> [WORK ORDER]:
What is needed is the exact text of each line in the listing below from the one with "Asus Tuff 17 (RTX4050)" up to and including the one with "196 Riverbend Drive", and no pictures.

> [MATERIAL FOR THIS TASK]:

+---+

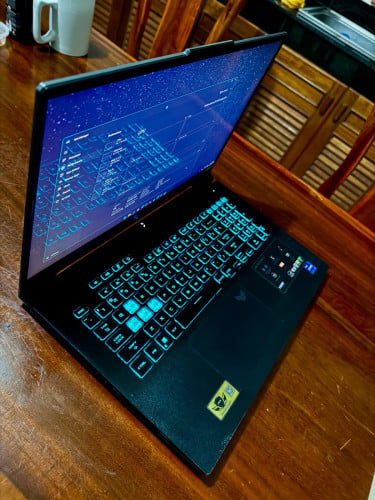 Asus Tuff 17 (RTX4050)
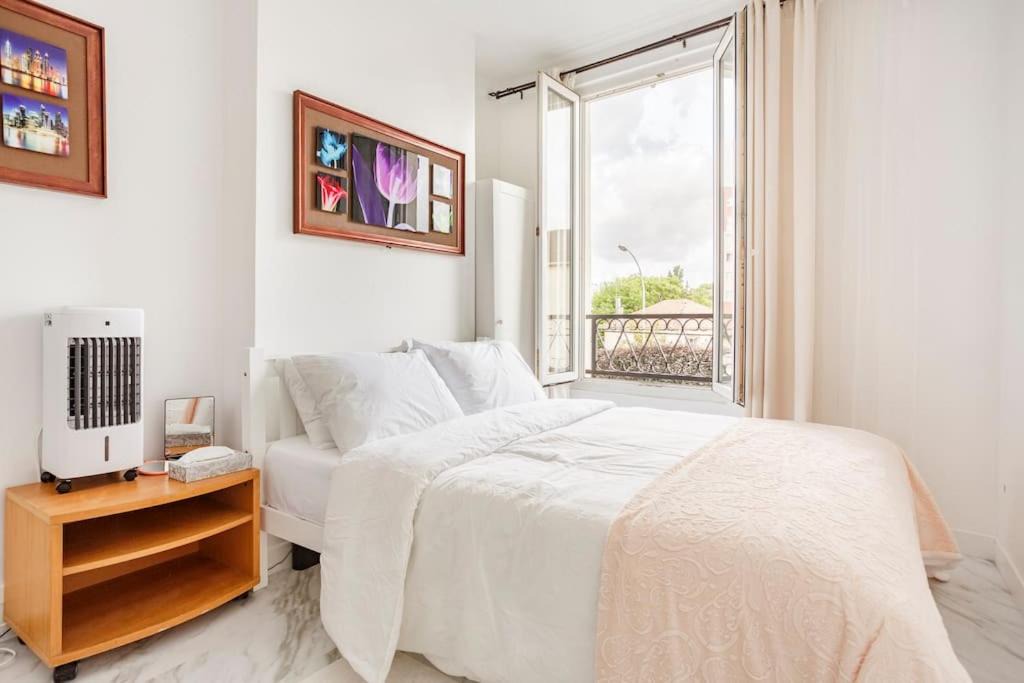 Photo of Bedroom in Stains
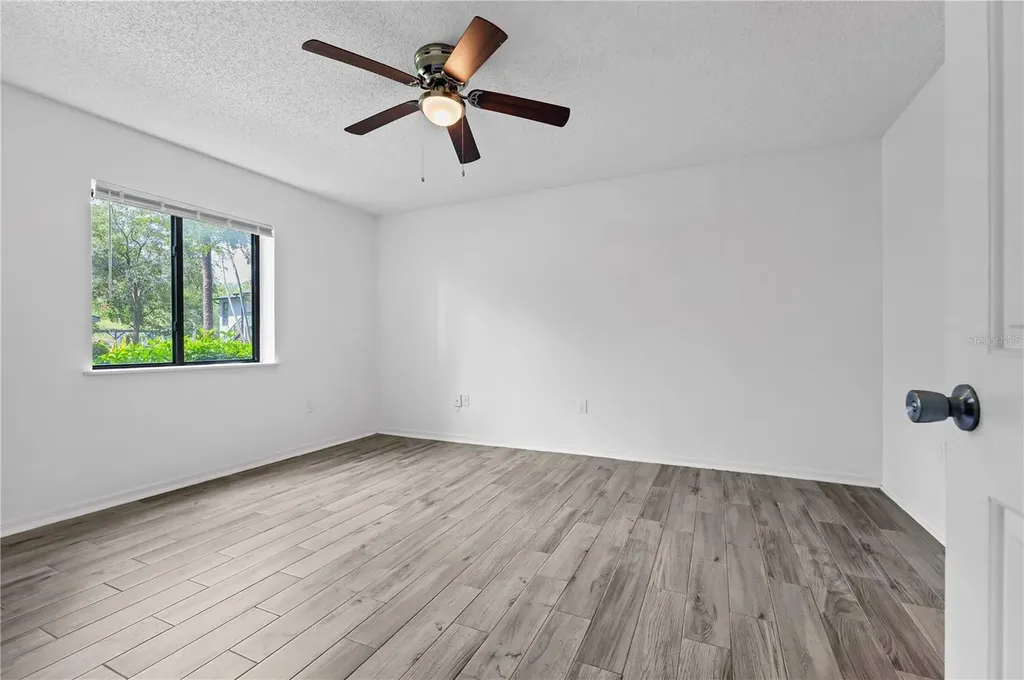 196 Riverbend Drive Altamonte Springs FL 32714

+---+

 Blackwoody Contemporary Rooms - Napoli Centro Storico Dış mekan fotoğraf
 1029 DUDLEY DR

+---+

> [EXPECTED ANSWER]:
 Asus Tuff 17 (RTX4050)
 Photo of Bedroom in Stains
 196 Riverbend Drive Altamonte Springs FL 32714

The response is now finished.